I knew I had no business stepping into anything as messy as a serial rapist case but the whole thing made me angry. Either the cops knew they had a serial rapist on their hands and for whatever reason didn’t alert the neighborhood, or they didn’t know, which in a way was worse, because that meant seven-and-eight-year old girls were being raped and murdered and nobody cared enough to notice a pattern; meant that every little girl in the neighborhood was in danger. And winter had arrived early.
CHAPTER FIVE
Mike Smith and Eddie Ortiz welcomed the responsibility for keeping Jill Mason alive and well. No matter how long and loudly they proclaimed their joy at being retired, the truth is that they were cops and always would be cops and that meant they bored ver
y easily when confronted with normal, daily life. I’d approached them a bit hesitantly, not wanting to appear ungrateful for the timely fashion with which they dispatched the skip trace job, and not wanting to seem too demanding of their time. They jumped all over the opportunity, refining it beyond my original vision, which had been to have one of them pick Dr. Mason up in the morning and deliver her safely to work and the other do the same at the end of the day.

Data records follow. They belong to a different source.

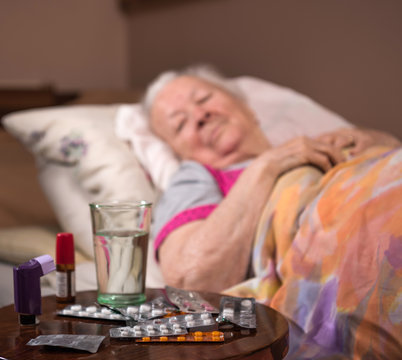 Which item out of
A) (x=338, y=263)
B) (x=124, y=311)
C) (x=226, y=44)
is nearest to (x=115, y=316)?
(x=124, y=311)

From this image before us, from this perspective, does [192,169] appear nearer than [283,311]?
No

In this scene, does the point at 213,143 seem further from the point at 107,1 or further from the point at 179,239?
the point at 107,1

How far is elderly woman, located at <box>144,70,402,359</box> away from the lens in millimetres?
955

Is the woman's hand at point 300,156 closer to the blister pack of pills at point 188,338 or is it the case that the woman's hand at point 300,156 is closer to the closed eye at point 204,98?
the closed eye at point 204,98

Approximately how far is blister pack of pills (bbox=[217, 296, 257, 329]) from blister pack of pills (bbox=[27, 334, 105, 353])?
175mm

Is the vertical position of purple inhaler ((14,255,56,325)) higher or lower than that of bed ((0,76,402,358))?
higher

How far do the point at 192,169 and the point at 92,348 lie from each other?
2.70 ft

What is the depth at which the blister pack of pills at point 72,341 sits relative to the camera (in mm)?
714

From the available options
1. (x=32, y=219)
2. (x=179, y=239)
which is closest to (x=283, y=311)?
(x=179, y=239)

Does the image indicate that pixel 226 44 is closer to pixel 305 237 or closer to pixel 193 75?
pixel 193 75

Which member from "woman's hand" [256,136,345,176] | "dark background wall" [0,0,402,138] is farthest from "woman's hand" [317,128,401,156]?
"dark background wall" [0,0,402,138]

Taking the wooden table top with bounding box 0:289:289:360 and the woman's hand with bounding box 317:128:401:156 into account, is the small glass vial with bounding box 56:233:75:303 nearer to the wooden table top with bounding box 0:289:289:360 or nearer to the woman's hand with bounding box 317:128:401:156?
the wooden table top with bounding box 0:289:289:360

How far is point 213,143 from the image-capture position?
5.61 ft

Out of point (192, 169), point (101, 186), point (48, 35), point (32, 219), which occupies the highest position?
point (48, 35) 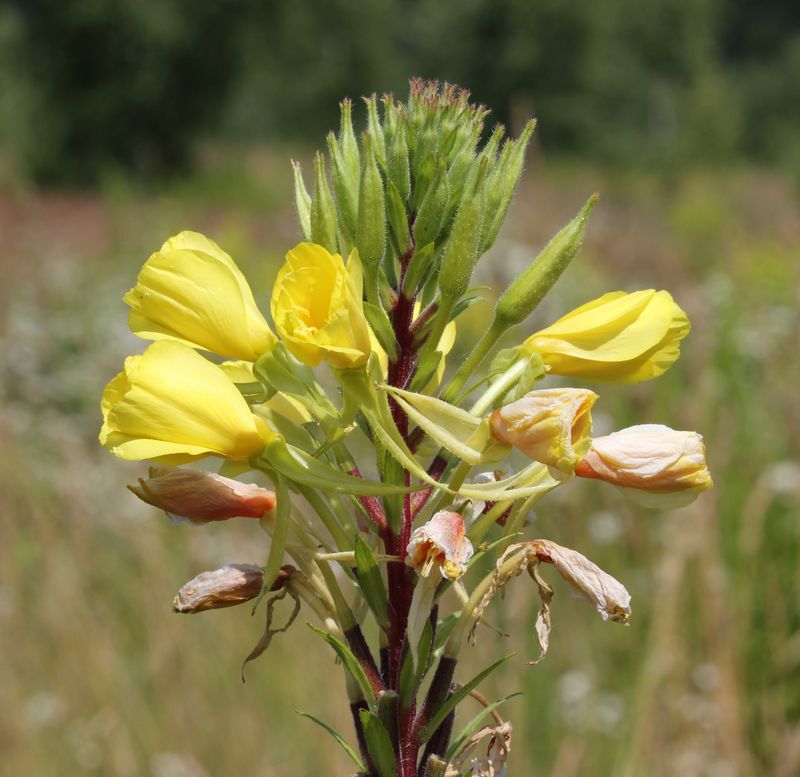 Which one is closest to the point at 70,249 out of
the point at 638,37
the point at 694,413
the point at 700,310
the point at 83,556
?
the point at 83,556

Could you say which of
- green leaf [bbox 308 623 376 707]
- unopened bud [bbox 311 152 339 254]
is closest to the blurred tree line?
unopened bud [bbox 311 152 339 254]

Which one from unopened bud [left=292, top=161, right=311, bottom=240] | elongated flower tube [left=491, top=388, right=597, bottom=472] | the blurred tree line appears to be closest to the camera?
elongated flower tube [left=491, top=388, right=597, bottom=472]

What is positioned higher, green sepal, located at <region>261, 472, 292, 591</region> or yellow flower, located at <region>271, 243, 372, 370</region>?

“Jeez, Rodriquez, ain’t you got no imagination?” This from Mike Smith, a dead ringer for Lieutenant Fancy on NYPD Blue: heavier, more muscular, but with that same dark, intense dignity. Mike had walked a beat in Harlem for twenty years, learning a lot about imagination along the way.
“Yeah,” chimed in Eddie Ortiz, something looking like disgust written all over his hairy face. “You get nothin’ for your money you do it that way.” And he laid out for me a plan that made so much better sense than my own idea that I didn’t bother with embarrassment. I went directly to shame. Even hung my head.
The way Eddie and Mike arranged it, Mike would be Jill Mason’s escort on both ends of her day, and Eddie would lounge in the shadows, looking for somebody who might be looking for a way to get to her. The good doctor would be safe and I could worry about other things. Like what exactly it was I thought I was going to do for a room full of frightened parents, some of whose daughters were rape victims and worse. I was in over my head, but I knew that when I accepted their money. An angry Yo and one side of me and angry parents on the other side. I did the only logical thing: I capitulated. But because it was logical doesn’t mean it was smart. Lots of dumb things happen for good reasons. The question was whether I could salvage the situation without further manifestations of dumb.
I knew that my clients wanted—expected—me to catch a serial rapist, but I had no intention of doing any such thing, not to mention no authority, which was a fact that bore mentioning, except nobody wanted to hear it. I also, truth be told, had no real experience in that area. I hadn’t been an investigator when I was a cop. What I could do was get information for them. Maybe not enough to ease their pain, but more than they had, which was that seven little girls had been raped and two of them murdered, probably by the same low-life piece of shit, and nobody in the police department had cared enough to just sit down and talk to them, even if there was nothing substantive to say.